Агнешка и Дорофейка стояли и смотрели, как медленно лижет огонь пучки соломы в основании погребального костра. Манус Борислав лежал на нем такой умиротворенный, словно спал и видел во сне кого-то родного, близкого, того, о ком тосковала его душа. Только ржаной сноп в его исчерченной шрамами руке напоминал, что уж не проснется, не встанет, не захохочет, обнажив желтые крупные зубы, не запоет про родную сторону, тронув лошадку в путь…
Старик-словник читал упокойную, то и дело кланяясь.
Опираясь на узловатую трость, раздобытую где-то ушлым вороватым словником, стоял бледный закраец. Длинные пряди лунных волос скрывали его лицо, но видно было, как напряжены его широкие плечи, как побелели костяшки пальцев, сомкнутых на посохе. С трудом давался ему похоронный обряд. Но Игор держался — хотел проводить к Землице истинного воина со всеми почестями.
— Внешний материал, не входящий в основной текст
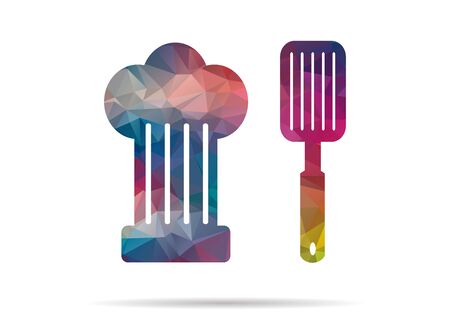 low poly hat icon kitchen spatulaのイラスト素材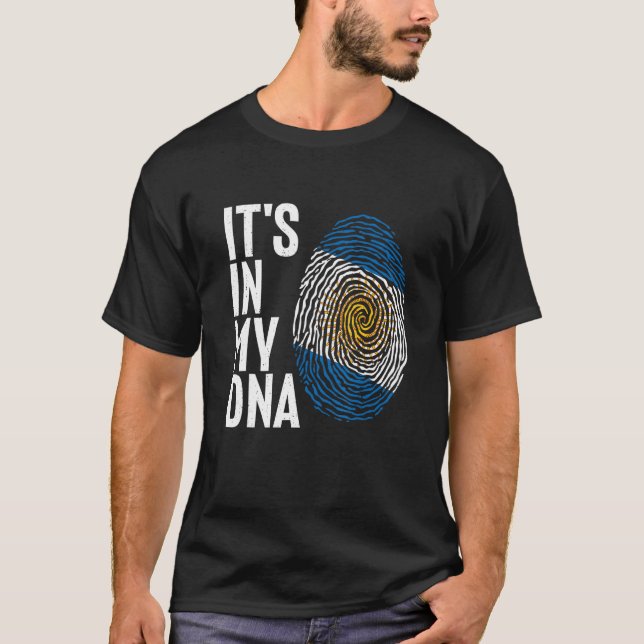 T-shirt C'est dans mon ADN empreintes digitales Argentine  (Devant)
В корзинке спал Мирогнев, посасывая большой палец здоровой ручки. Конрад на поле не пошел, остался домовничать со своей полянишной, которая, видно, решила, что чем толще маг, тем мощнее, и неустанно подсовывала книжнику то пирог, то ломоть хлеба с куском мяса…
Дорофейка вдыхал запах полевых трав, перемешанный с терпким духом жженого дерева и соломы, слушал, как поет свою протяжную, грустную песню ветер, блуждая между кострами, как захожий певец, и песня эта ему понравилась. Подумал Дорофейка, что надобно бы непременно спеть ее кому-нибудь, кто не умеет слушать ветер.
Он приоткрыл выздоровевший глаз и осторожно глянул через полуприкрытые веки на костер, уже почти в рост с ним объятый пламенем, на другие костры, людей, стоящих рядом с каждым из них. Увидел, как Агнешка и старый словник с двух сторон укрывают тело мануса снопами, чтобы не видать было, как огонь коснется лица, как оближет жадным языком руки, вцепится в одежду, в волосы. В густую черную бороду возчика Славки.